Nelson's antelope squirrels are social animals. When individually taken out of their home range and released in an unknown area, they seem helpless and confused. They do not expend much energy throughout the day because of the extreme temperatures in their environment. In fact, when in the direct sunlight, a temperature of 31-32 °C can kill them. Therefore, there is little activity from the squirrels during the heat of the day. Although there is no evidence of hibernation, the squirrels are not bothered by the cold and can survive temperatures below freezing, in their burrows. They are not early risers and are usually not seen until after sunrise, however it does forage in the morning and evening, avoiding the midday heat. Around noon the squirrels disappear into their burrows and are not seen again until about 2 pm at the earliest. On moderate days, the squirrels will take their time foraging, in contrast to bringing as much food back to their burrows as quickly as possible on hot or cold days. The squirrels are also known to fully stretch out and roll over in the dust on the ground. These dust baths appear to be very enjoyable activities for the squirrels and may also be used to prevent infestation of parasites.

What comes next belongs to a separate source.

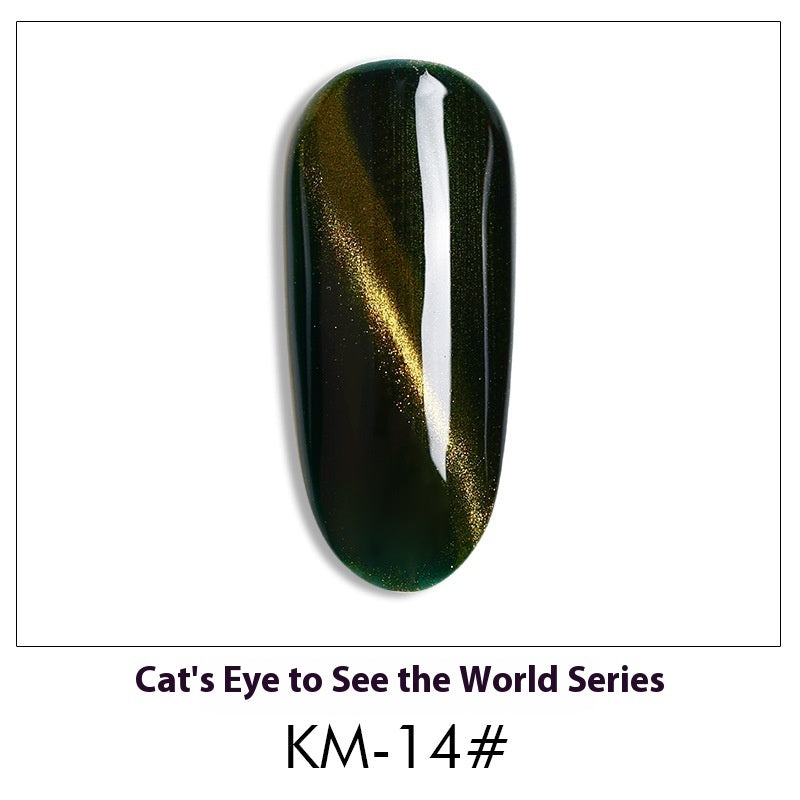 Cat Eye Nail Polish Gel Set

To further help prevent predation, the Nelson's antelope squirrel has an alarm call. These alarm calls are not loud, but associated with convulsive body movements. Horned larks and the white-crowned sparrow also aid in predator detection. Squirrels will listen to alarm calls given by these two birds. The badger (Taxidea taxus) is a main predator of Nelson's antelope squirrel and will destroy burrows to get its meal. Coyotes (Canis latrans) and San Joaquin kit fox (Vulpes macrotis mutica) are also known to consume the squirrels, but they are not a main part of their diet.